Aim: Providing consistent levels of oxygen saturation (SpO2 ) for infants in neonatal intensive care units is not easy. This study explored how effectively the Auto-Mixer(®) algorithm automatically adjusted fraction of inspired oxygen (FiO2 ) levels to maintain SpO2 within an intended range in extremely low birth weight infants receiving supplemental oxygen without mechanical ventilation.
Methods: Twenty extremely low birth weight infants were randomly assigned to the Auto-Mixer(®) group or the manual intervention group and studied for 12 h.
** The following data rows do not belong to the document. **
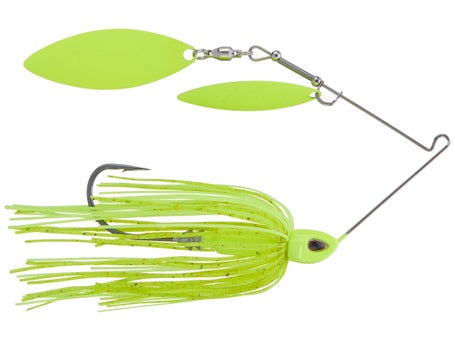 Berkley Power Blade Compact DBL Willow Spinnerbait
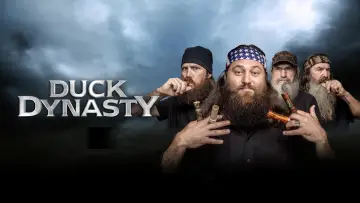 Zasłona к сериалу "Duck Dynasty" #1440228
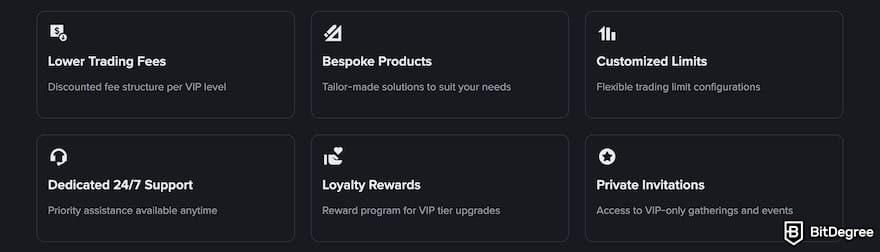 How to open Coinbase Corporate account: the benefits of Binance Institutional.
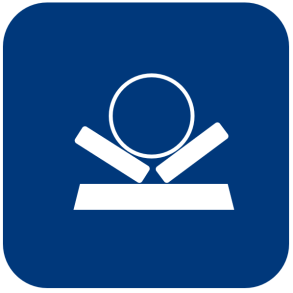 Udlejning af rullebukke til plast rør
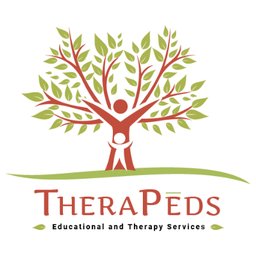 Therapeds of Colorado logo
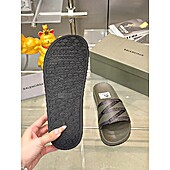 US$67.00 Balenciaga shoes for Balenciaga Slippers for men #791168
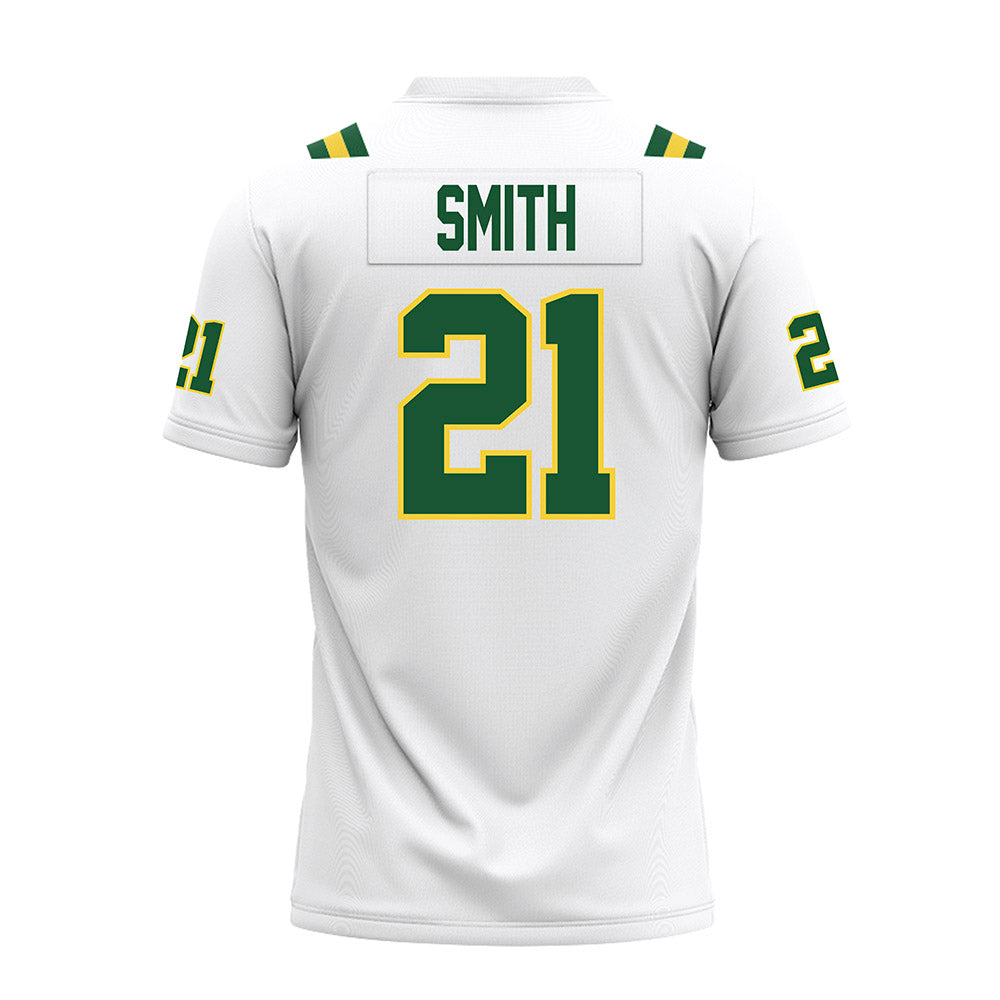 OKBU - NCAA Football : Cole Smith - Premium Football Jersey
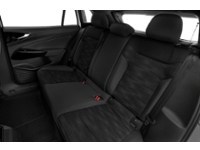 2021 Volkswagen ID.4 Pro AWD Interior Shot 5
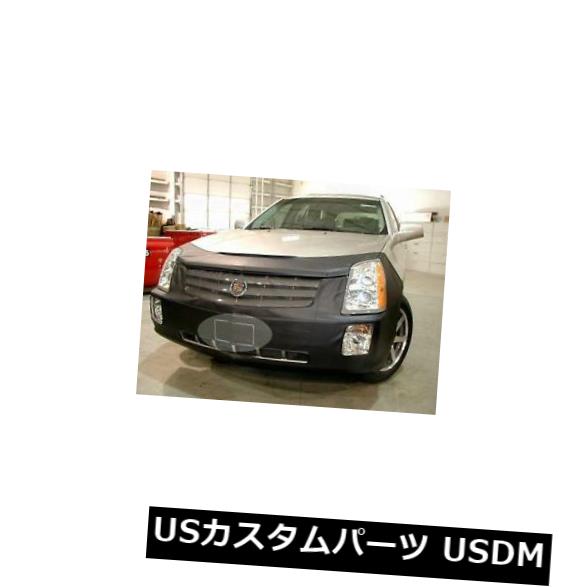 新品 レブラフロントエンドマスクカバーブラキャデラックSRX 2007?2009 Lebra Front End Mask Cover Bra Cadillac SRX 2007 thru 2009 【並行輸入品】 47,124円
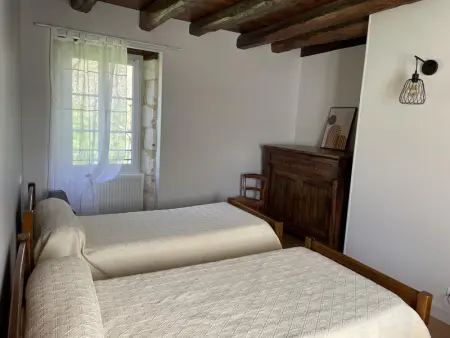 Maison spacieuse avec jardin à Jayac, 3 chambres - Photo 15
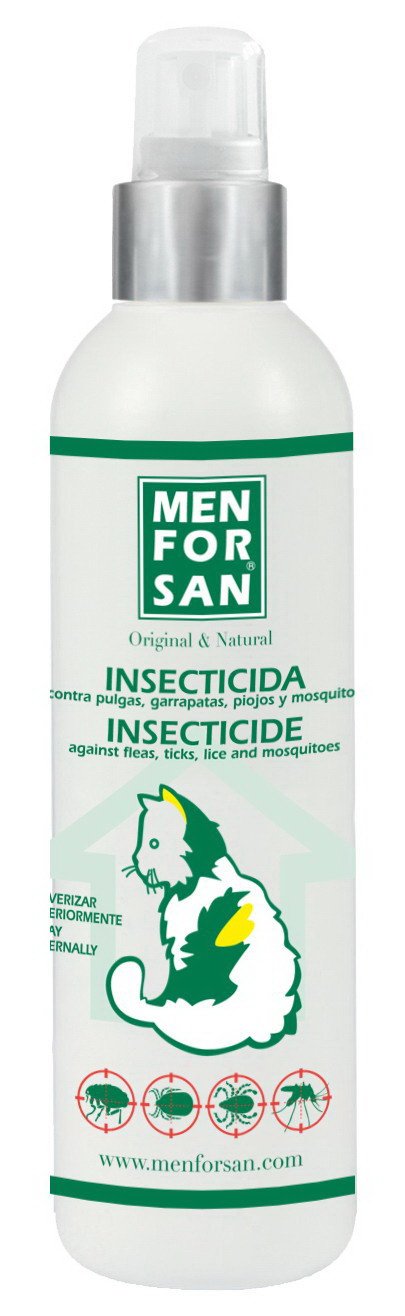 Menforsan - Insecticide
The SpO2 target was 85-93%, and the outcomes were the percentage of time SpO2 was within target, SpO2 variability, SpO2 >95%, oxygen received and manual interventions.
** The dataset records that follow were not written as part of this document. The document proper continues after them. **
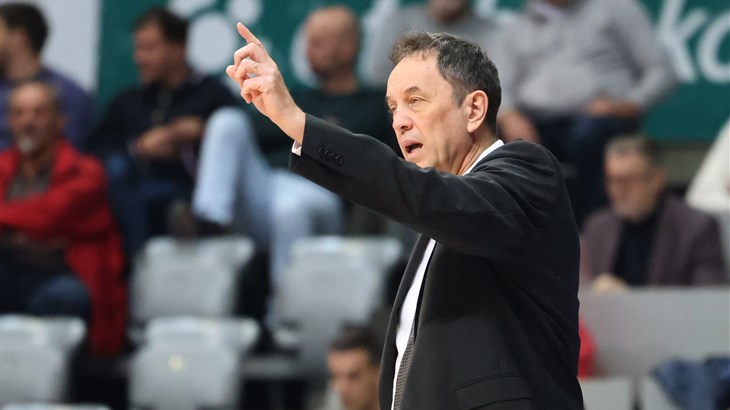 Zadar slavio kod Dubrave i prvi izborio polufinale prvenstva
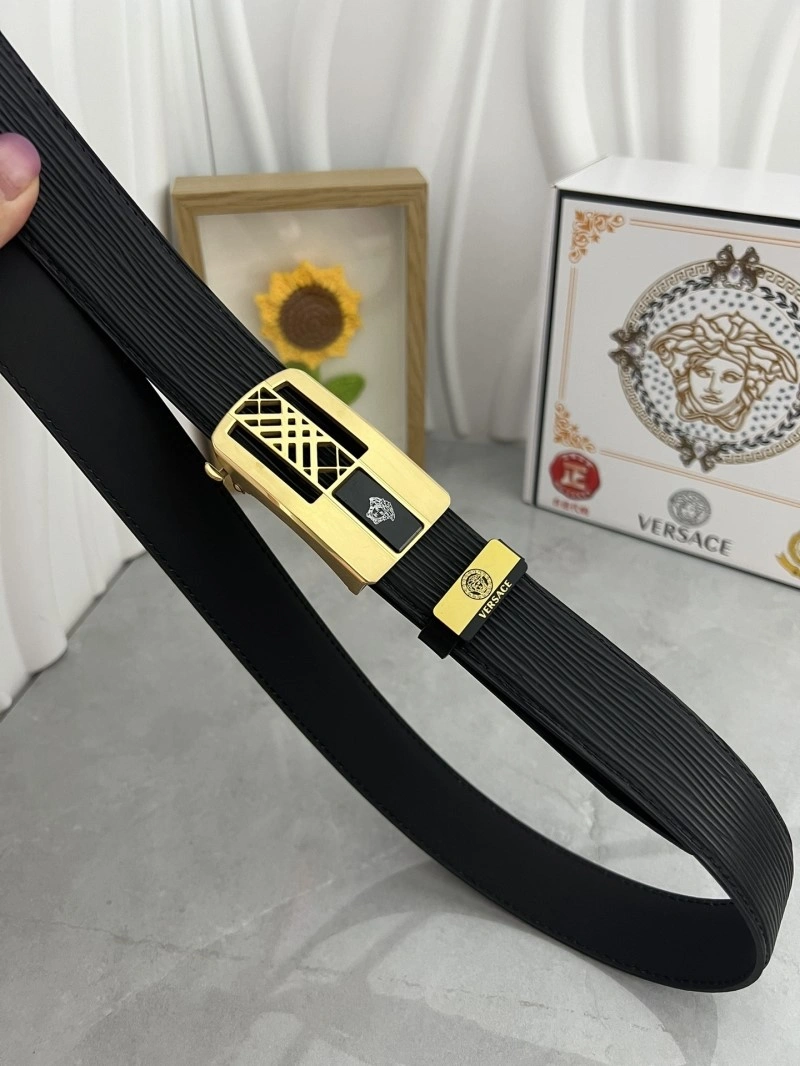 Reliable Versace Belts 305537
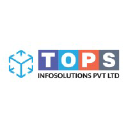 Tops Infosolutions's logo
Results: The percentage of time within intended SpO2 was 58 ± 4% in the Auto-Mixer(®) group and 33.7 ± 4.7% in the manual group, SpO2 >95% was 26.5% vs 54.8%, average SpO2 and FiO2 were 89.8% vs 92.2% and 37% vs 44.1%, and manual interventions were 0 vs 80 (p < 0.05). Brief periods of SpO2 < 85% occurred more frequently in the Auto-Mixer(®) group.
Conclusion: The Auto-Mixer(®) effectively increased the percentage of time that SpO2 was within the intended target range and decreased the time with high SpO2 in spontaneously breathing extremely low birth weight infants receiving supplemental oxygen.
Keywords: Auto-mixer; Extremely low birth weight infants; Oxygen administration; Oxygen saturation targets; Pulse oximeter.
©2014 The Authors. Acta Paediatrica published by John Wiley & Sons Ltd on behalf of Foundation Acta Paediatrica.